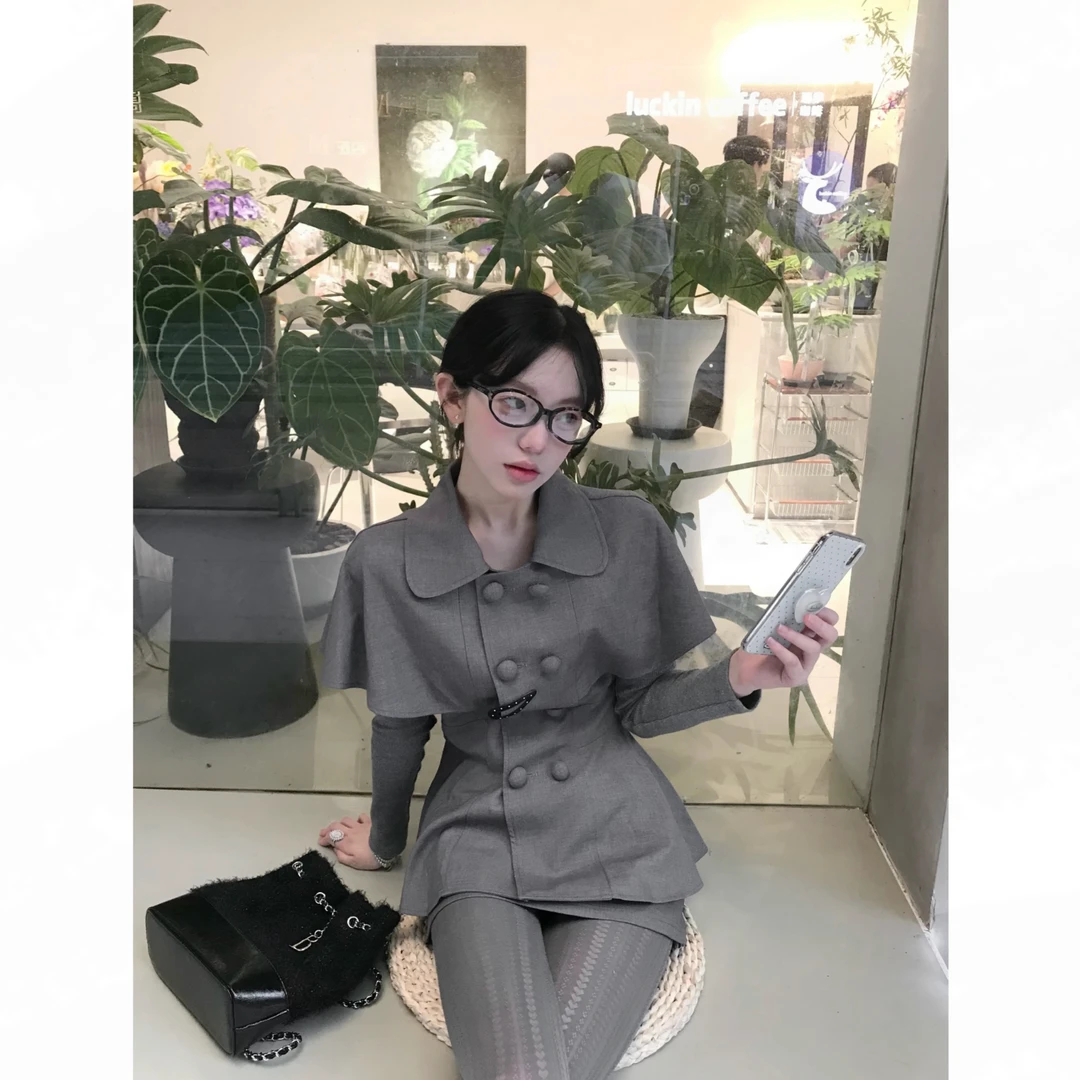 千金归来 修身斗篷娃娃领短外套名媛风套装秋季约会法式穿搭女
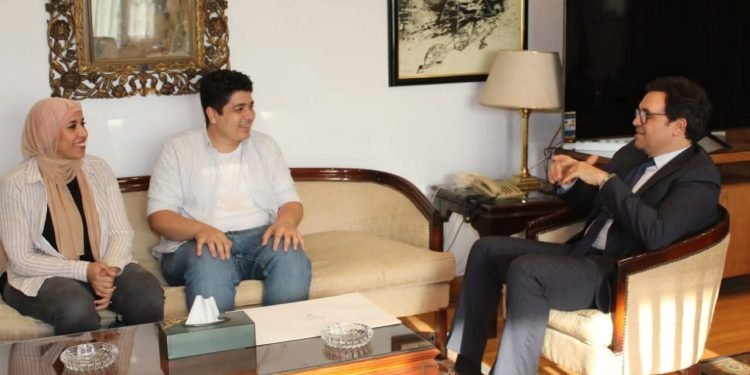 بعد نجاحها في أسوان… وزير الثقافة يطلق مشروع “ذهب مصر” لتجميل واجهات المدن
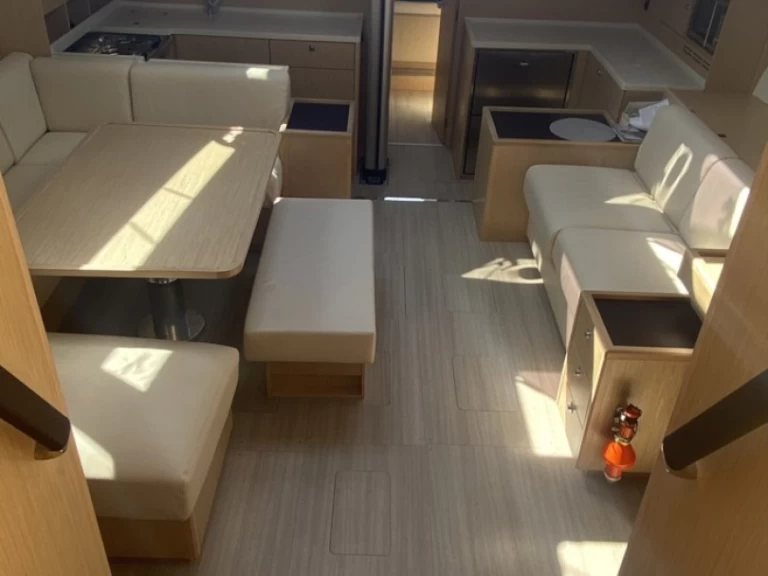 Wynajem łodzi Lavrio tanio Bavaria C57 Style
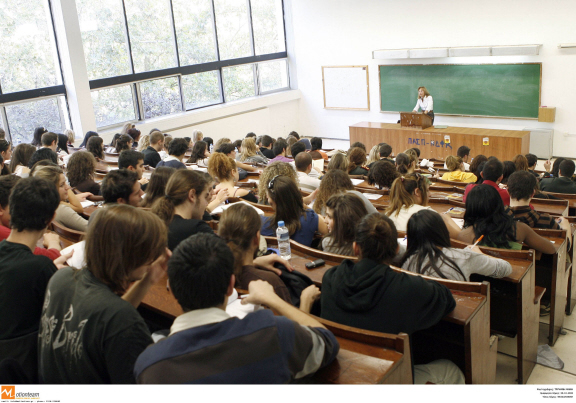 Έλληνες καθηγητές μεταναστεύουν σε αλβανικά πανεπιστήμια!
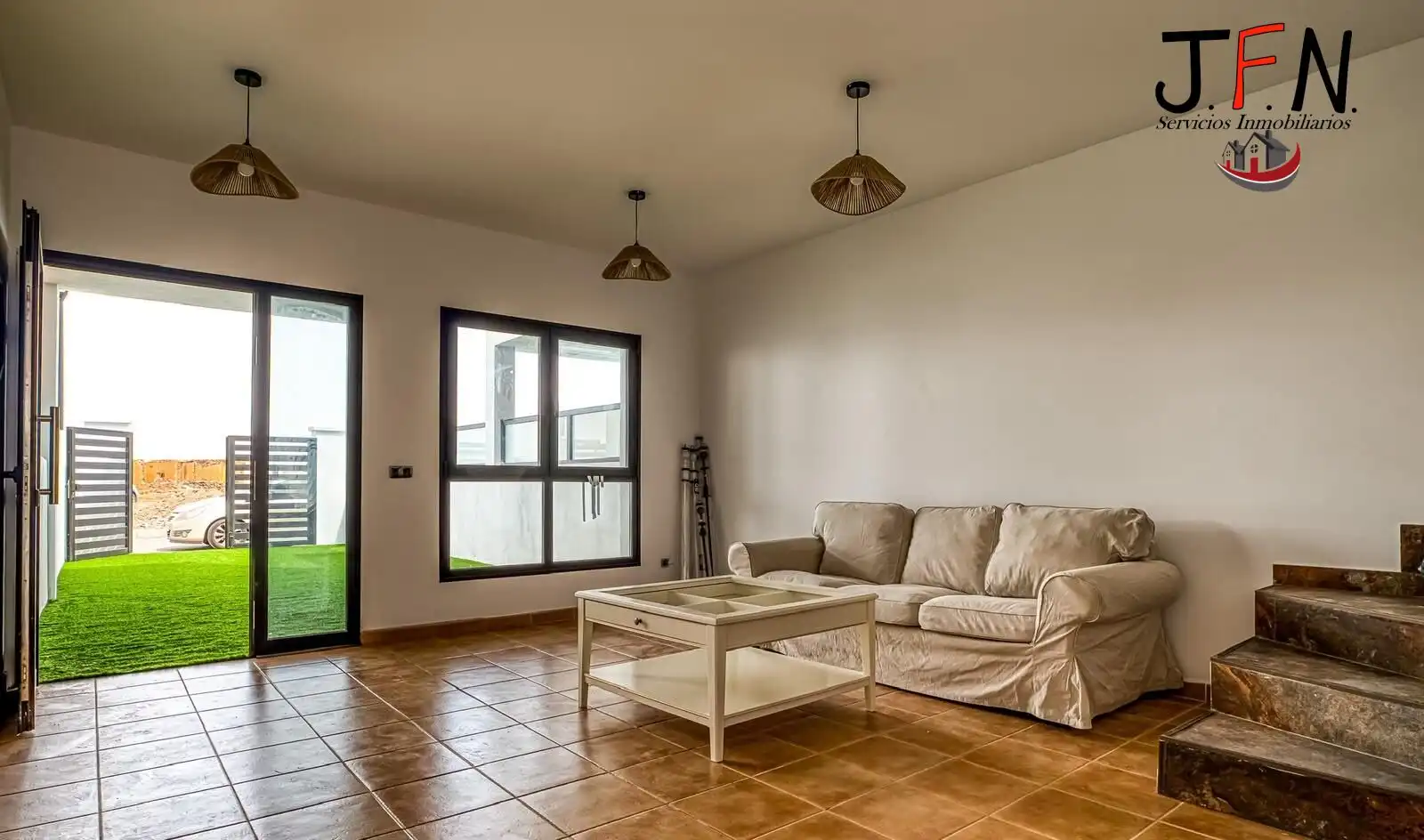 Casa con terraza en venta en Calle de la Orilla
-.-.-
**What is being asked**
Transcribe all records verbatim and omit each image.

**Response to the task**
 千金归来 修身斗篷娃娃领短外套名媛风套装秋季约会法式穿搭女
 بعد نجاحها في أسوان… وزير الثقافة يطلق مشروع “ذهب مصر” لتجميل واجهات المدن
 Wynajem łodzi Lavrio tanio Bavaria C57 Style
 Έλληνες καθηγητές μεταναστεύουν σε αλβανικά πανεπιστήμια!
 Casa con terraza en venta en Calle de la Orilla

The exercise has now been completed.